The Metro Public Health Department’s (MPHD) Lentz Public Health Center has successfully served the Metro Nashville community for more than 50 years. Their mission — “to protect and improve the health and well-being of all people in Metropolitan Nashville” — is evident in the dedication and energy of their employees as well as the vastness of the programs that are accessible to the community. However, due to its age, structural damage, and environmental concerns, the facility had become a limitation to the continued advancement in service that MPHD seeks to provide. The MPHD’s goal is to act as a good steward of both the environment and of the taxpayer’s dollars by providing a first-class facility that utilizes sustainable and smart building design solutions.
HCA, Inc., in partnership with the MPHD, selected Gresham Smith to provide architectural, engineering, and workplace strategy services for the new 106,000-square-foot replacement facility. The replacement facility includes a unique combination of administrative office space and health clinics, and will provide visitors and employees a safer, healthier, and updated facility. Gresham Smith's multi-disciplinary corporate and healthcare experts collaborated to develop a blended approach that includes consulting expertise in workplace design and clinic process mapping.

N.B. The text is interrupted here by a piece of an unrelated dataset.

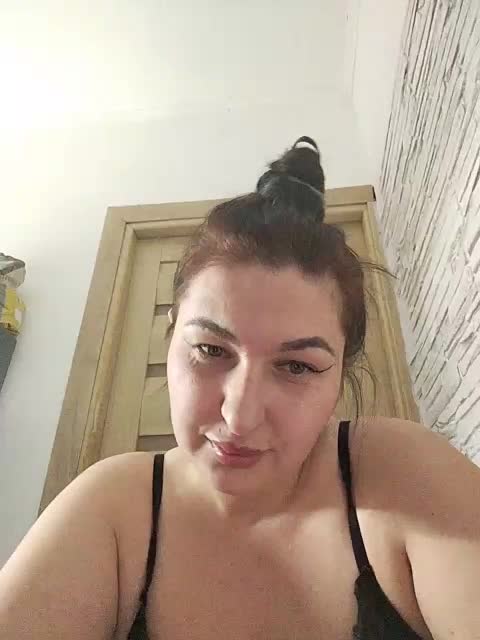 MonicaMilf Adult Chat November 2, 2025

“From the way the building is oriented on the site, to the open and light-filled three-story lobby — the design of this building was focused on creating an inviting and welcoming place for the public,” said Ann Trent, AIA, NCARB, LEED AP, senior architect at Gresham Smith. “We aimed to design a healthy building that itself would support the MPHD vision to promote and encourage better health. That included not only thoughtful clinic and administrative space layout, but energy efficient and site maximizing design strategies. It is rewarding to see how the staff and public are interacting and engaging with this facility and its amenities.”
A monumental stair in the main lobby encourages staff and visitors to walk versus taking an elevator. Further promoting movement and activity for employees, designers incorporated an indoor walking loop, a one-fourth mile outdoor walking loop and a fitness center. A demonstration kitchen in the Women, Infants, and Children’s clinic allows for hands-on education and training related to healthy eating, while a multi-purpose gathering room and large conference room aid in the hosting of various community programs and collaborations.

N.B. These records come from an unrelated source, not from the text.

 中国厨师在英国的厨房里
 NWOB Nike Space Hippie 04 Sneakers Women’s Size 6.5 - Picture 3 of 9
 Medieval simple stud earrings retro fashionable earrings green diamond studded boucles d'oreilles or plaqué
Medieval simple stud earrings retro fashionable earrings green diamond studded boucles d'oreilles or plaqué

Designed for LEED Silver certification, significant energy conservation and reduction measures were incorporated, including a building envelope design that conforms to IECC 2009 — outperforming the requirements of Metro’s current code. Additional sustainable elements include electrical vehicle charging stations to encourage alternative fuel use and the utilization of strategic water supply strategies, such as cisterns to collect rain and condensate water for irrigation.
The new facility enhances accessibility of services and flexibility for patients, expresses a culture of compassion and caring towards a diverse community, and sets an example for healthy living.